2013 Reading Assignment: the real work: modern magic and the meaning of life by adam gopnik
Your Common College Reading is an introduction to college-level reading and discussion, and an introduction to the type of material common to seminar-style courses. You will discuss the required Common College Reading during Orientation (most likely on Tuesday, August 20). This discussion with your professor, classmates, and ALPHAs will constitute a small portion of your first grade in your First-Year Seminar.
The selection "The Real Work: Modern Magic and the Meaning of Life" is the text that you and all the other students will read. You can read it over the summer or shortly before you arrive for Orientation; it should take you no more than an hour or two at most. The link above provides you direct access to the essay.

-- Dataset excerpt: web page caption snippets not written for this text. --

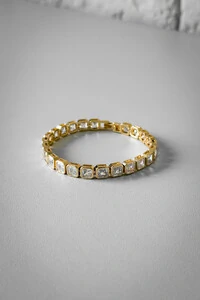 Pulseira Zircônia Branca | Banho de Ouro 18k | Elegante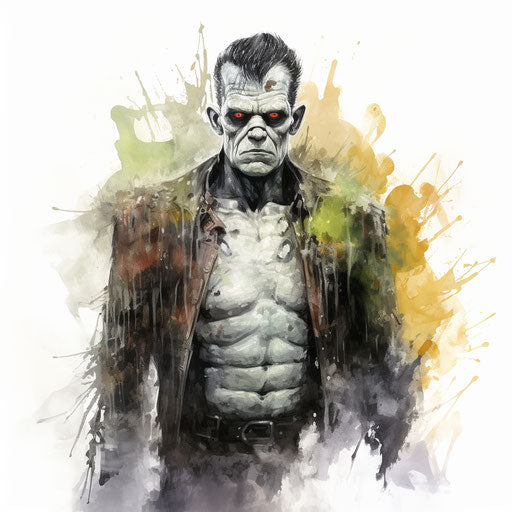 Frankenstein illustration in the style of Oil painting, on white background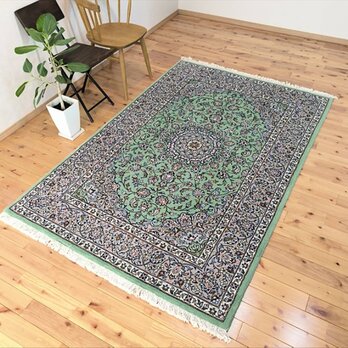 ペルシャ絨毯　カシャーン産 ライトグリーン エメラルドグリーン 若草色 214×140cmの画像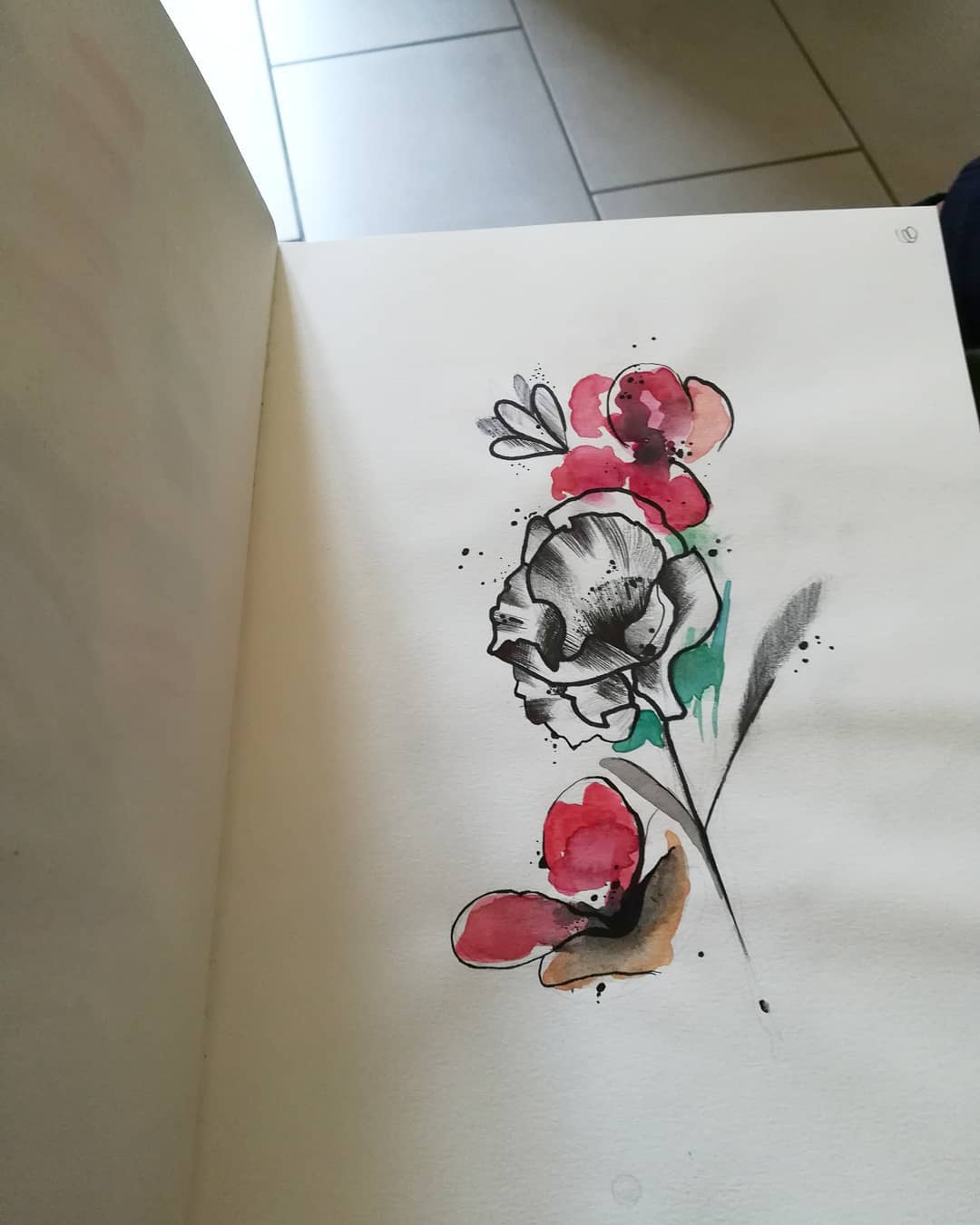 罂粟花纹身手稿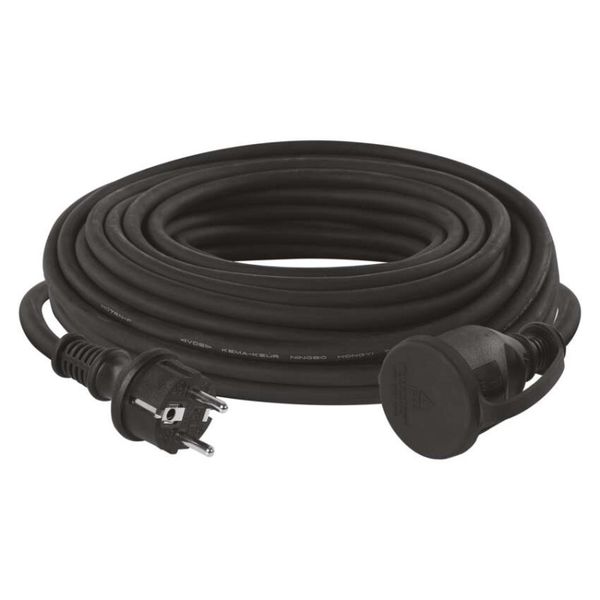 Vonkajší predlžovací kábel 20 m / 1 zásuvka / čierny / guma-neoprén / 230 V / 1,5 mm2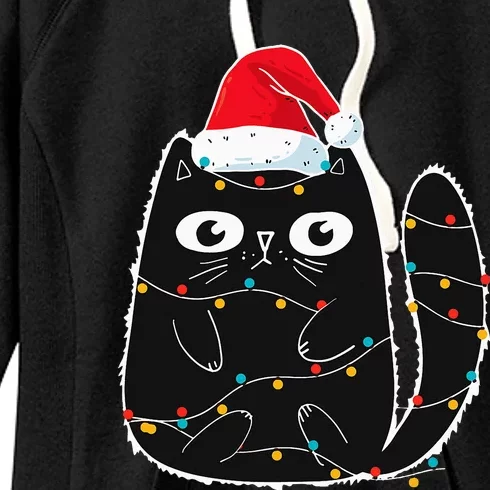 Santa Black Cat Tangled Up In Christmas Cat Lover Xmas Light Women's Fleece Hoodie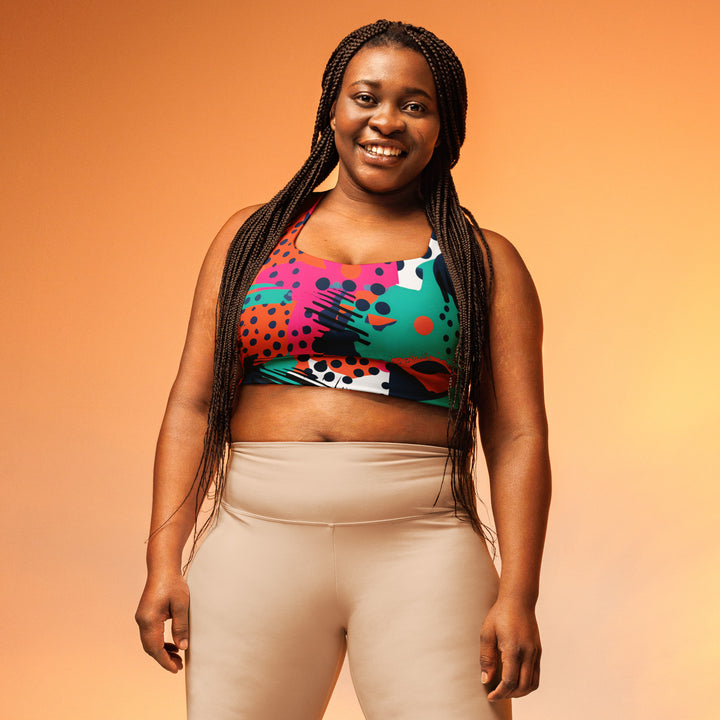 [GeoModa] Digital Chaos Longline Sports Bra Sports Bra The Hyper Culture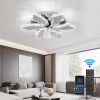 Modern Chandelier Ceiling Fan With Led Lamp Smart Remote Control Crystal Dining Room Fixtures Pendant Hanging Light Porch Lustre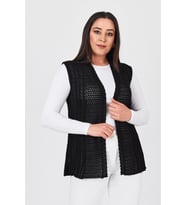 Kadın Siyah Ajurlu İşlemeli Mevsimlik Triko Anne Yazlık Yelek (Siyah)
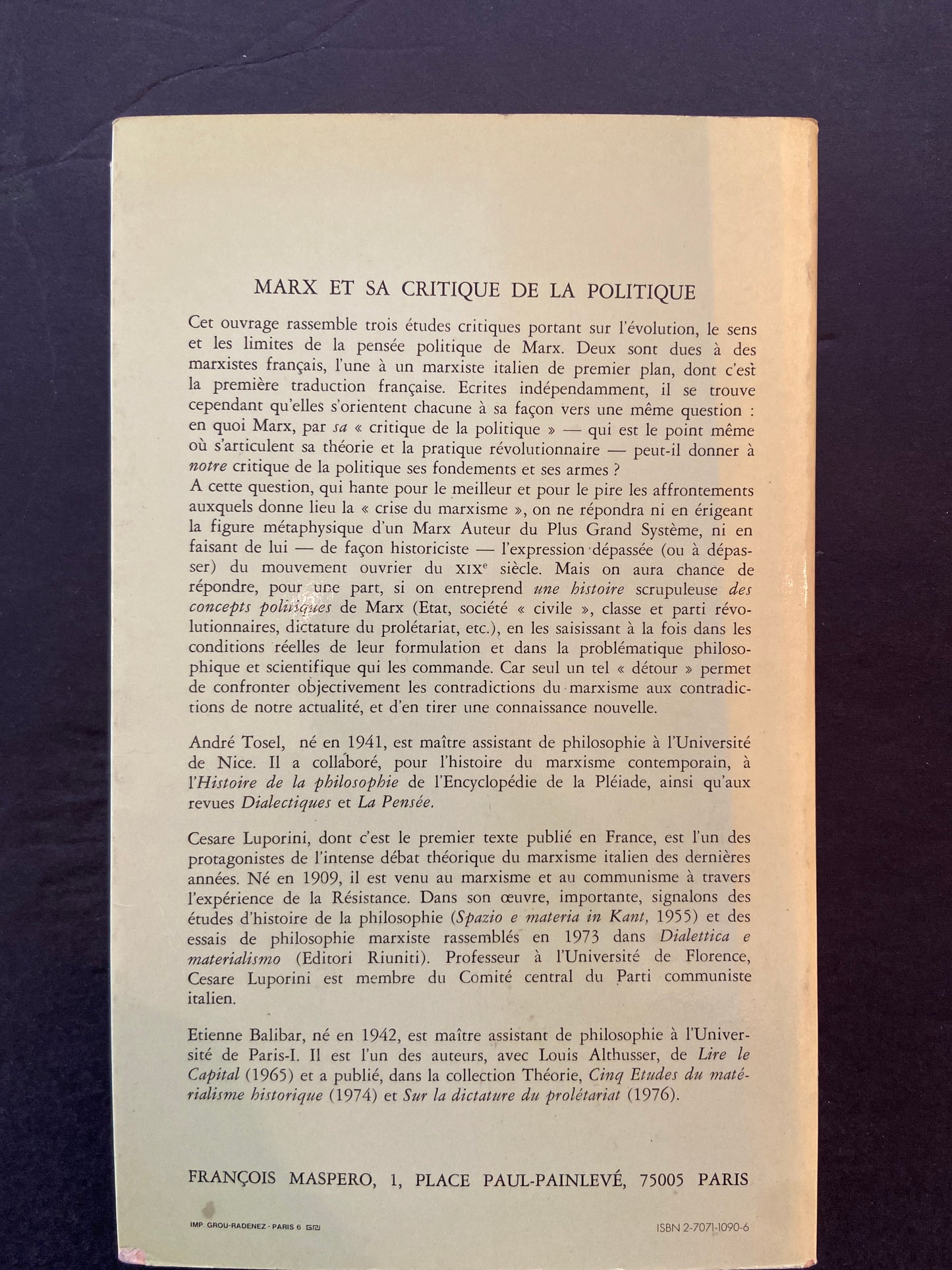 MARX ET SA CRITIQUE DE LA POLITIQUE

Why and How Was This Selection Chosen?
"The Real Work: Modern Magic and the Meaning of Life" by Adam Gopnik, was published in The New Yorker in 2008. It simultaneously represents a fairly high level of writing while taking as its subject matter a fairly accessible topic: magic, magicians, and the way they perfect their technique. Members of the faculty committee that chose the reading describe the essay as "an intellectual and philosophical perspective on magic told through a series of interviews with well-respected (but largely unknown) magicians as well as famous magicians like Teller (from Penn and Teller), David Blaine, and David Copperfield. Part of the essay's premise is that anyone can learn to do a trick, but 'the real work is the accumulated practice of performing the trick in a completely convincing way.' To learn magic, one must participate in the tradition, practice the craft, and perform." That level of participation is analogous to what professors ask of their students, so the essay helps us to understand what we think of when we use the phrase "college level thinking". The essay touches on apprenticeship, dedication to mastery of technique, and what it means to be a member of a "disciplinary" community.